We proposed an approach for interactive forecasting of day-ahead energy demand, based on historical data through a combination of explainable machine learning and visual analytics, in a way that is explainable for the users. Based on the selection of input parameters (e.g. weather conditions, energy price, day of the week), the proposed approach also allows utilities to analyze “what-if” scenarios of energy demand and their relationship to conditions that would generate them. This could help them to identify and/or prevent critical situations and issues in the future.

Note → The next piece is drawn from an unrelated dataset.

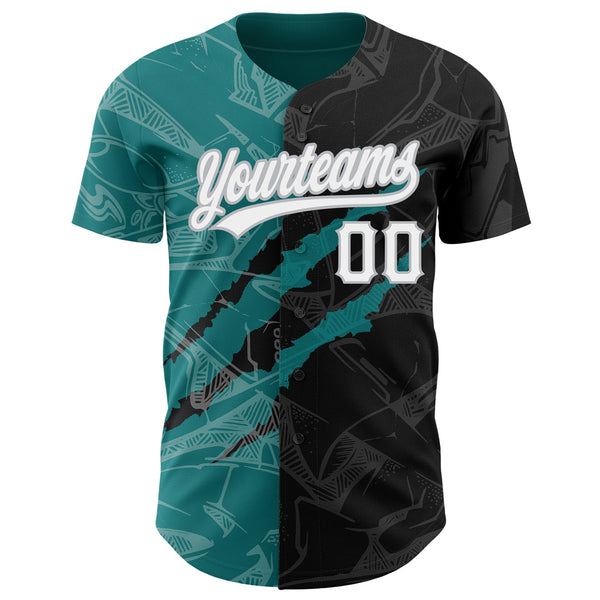 Custom Graffiti Pattern Black Teal-Gray 3D Scratch Authentic Baseball Jersey alternate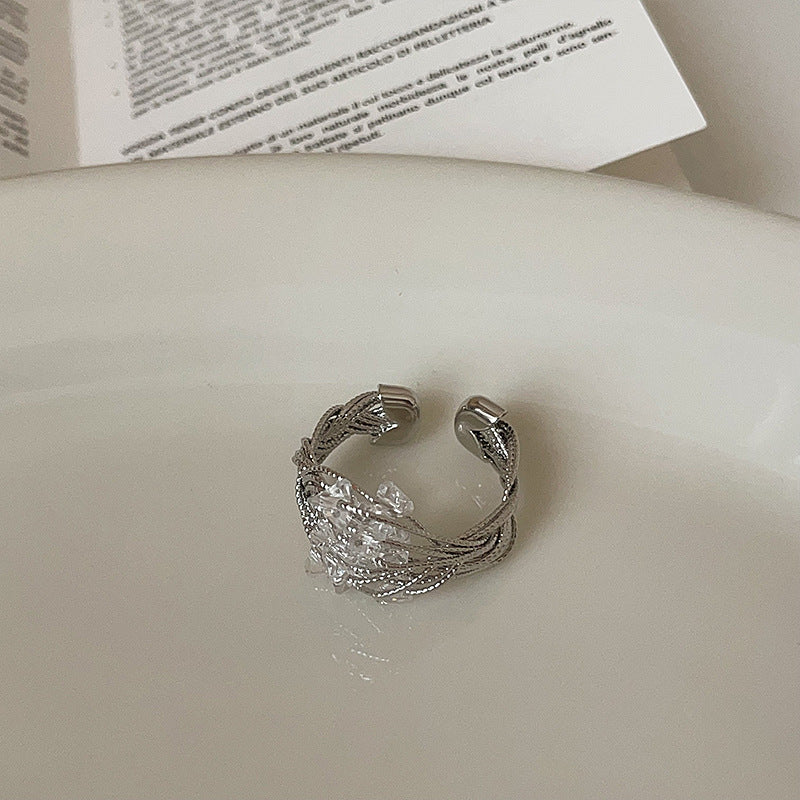 Wrapped Wire Crystal Open Ring — silver ring, view 4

Furthermore, we proposed to extend this approach with a behavioral analysis of the interaction of prosumers with technological tools (e.g. customer service portal, recommendation systems) in order to identify the possible impact of such tools on consumption patterns. Understanding these relationships could be a key factor for the utilities to identify and define recommendations to optimize energy consumption. The behavioral analysis could also provide an improvement to traditional forecasting models which usually analyze historical data, but do not consider the effects of additional influences on the consumption behavior of prosumers. The evaluation approach presented in this work will be used to empirically evaluate the suitability of the proposed system design and identify possibilities for improvement. In future work, we also intend to extend the evaluation to different test years and different utilities in order to collect more substantial evidence regarding the suitability and usability of the proposed approach.